To really milk your birthday to its utmost potential, don’t organize your own party. That way, multiple small groups of friends will take you out for a lot of individual birthday meals.

This lack of planning also gave me a lot of chances to think about how great my friends are—and not only because they were feeding me. Here are just a few of the ways they are awesome.

They are courageous. Whether traveling through a developing country in a wheelchair, caring for an elderly parent, or facing their own death, they complain little.

They don’t deny the difficulties of life but don’t dwell on them too much. They allow anger and grief and joy and love and can laugh at the ridiculous during good times and bad.

They work hard and care not only about the quality of their work but also about how they treat those they work with. They don’t spend much time blaming other people.

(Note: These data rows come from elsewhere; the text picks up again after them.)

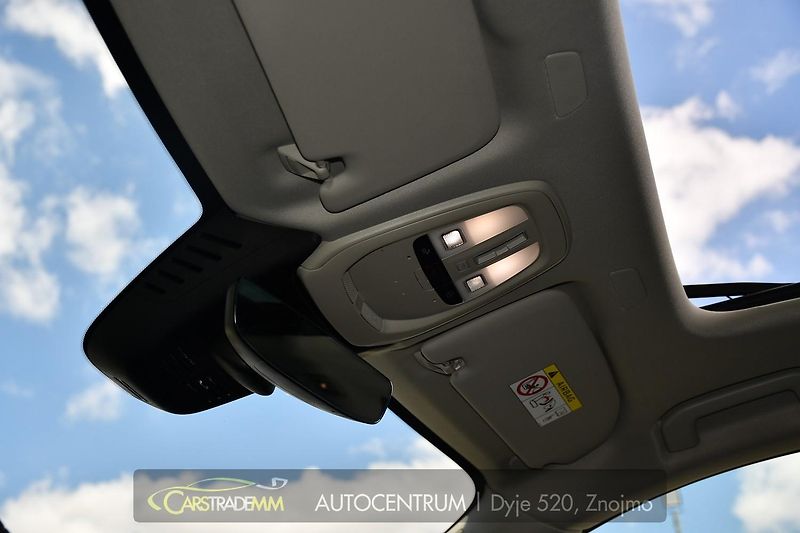 Volvo XC60 2.0T8 R-Desing RECHARGE - fotka 42 z 54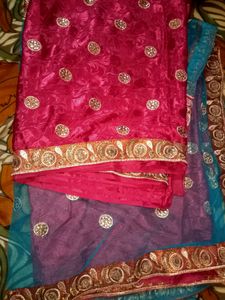 Two Shades Saree With Blouse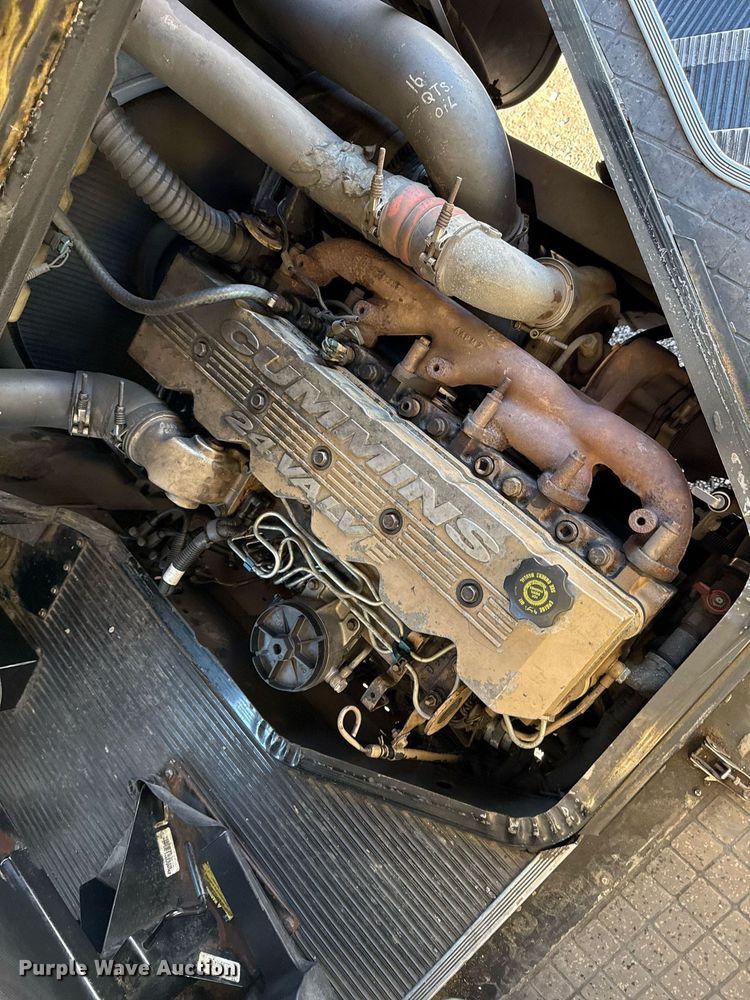 image for item EG2314 2003 Blue Bird blood donation bus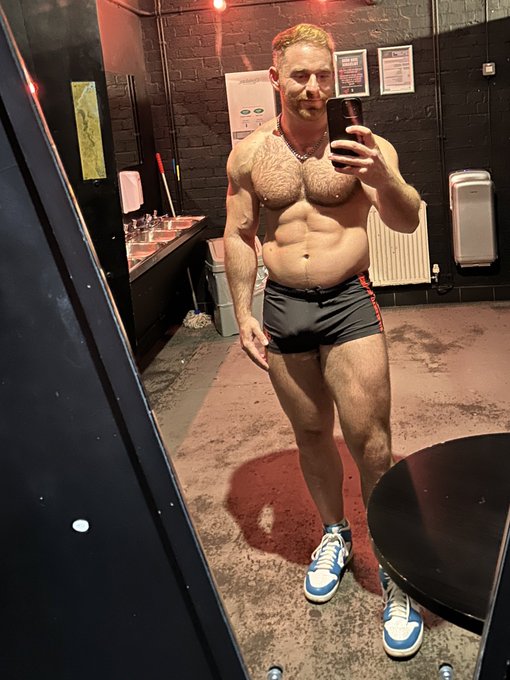 Who wants to come clubbing on a Saturday night with me? https://t.co/nIj3P3FTvv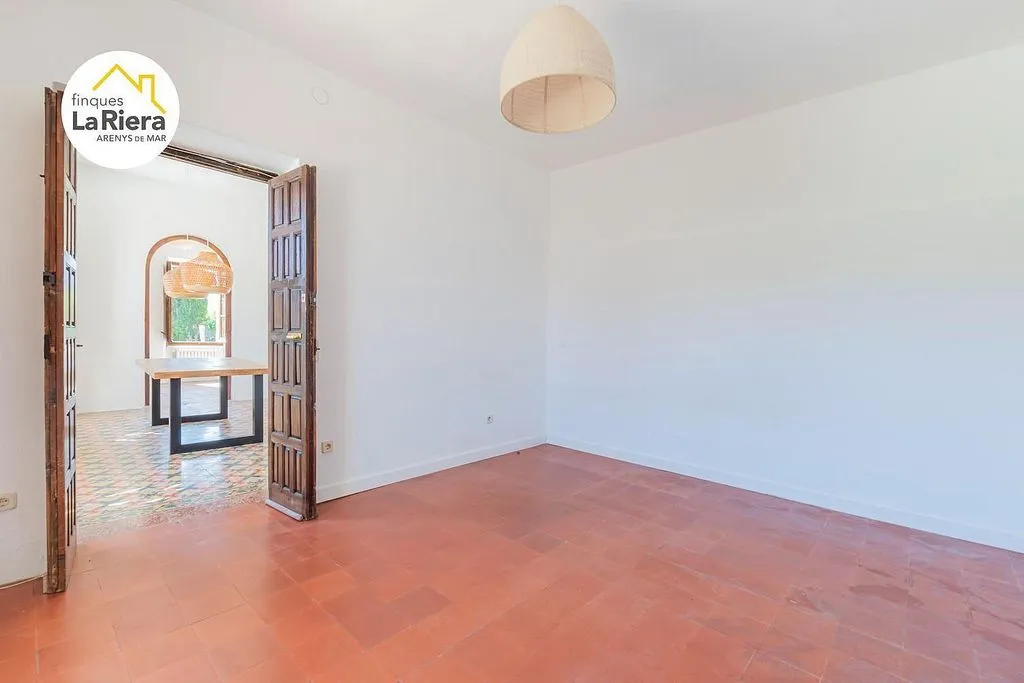 Pièces - Detached House with Garden in Arenys de Munt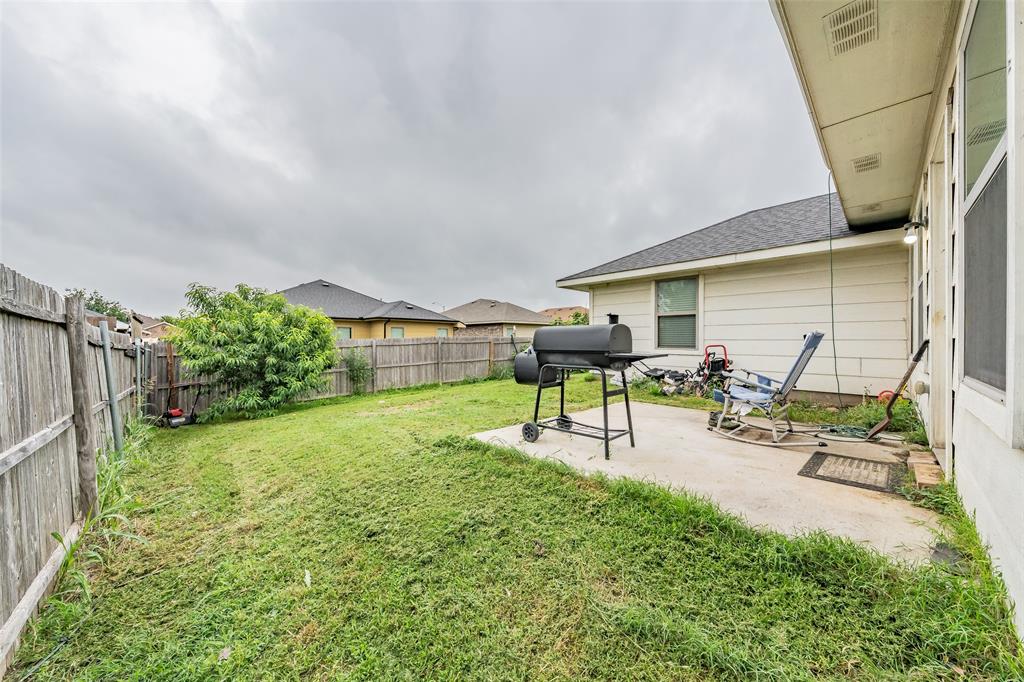 9133 St Barts Road Fort Worth, TX 76123 - Photo 6 of 32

They are willing to change their minds after reflecting on something and regularly take the time for that reflection.

They are funny and kind and resilient and generous and they make me laugh. And the crowning achievement—they like to eat and cook really well.

To steal a few brilliant phrases from a graduation speech by a young woman named Rebekah Frumkin who is much smarter than I was at twenty-two, my friends “[square] the serious with the silly” and “[view] the world with humility and candor” (from a commencement address given at Carleton College).

All this helps me inch toward accepting that life is not about having everything work out well for everyone—as defined by me—but about how we react to the highs and lows. Not because I like it or it makes sense. Not because the highs and lows aren’t real but because they are and life is simply more enjoyable when we focus our mental and emotional energy on the things we’re grateful for, like amazing friends.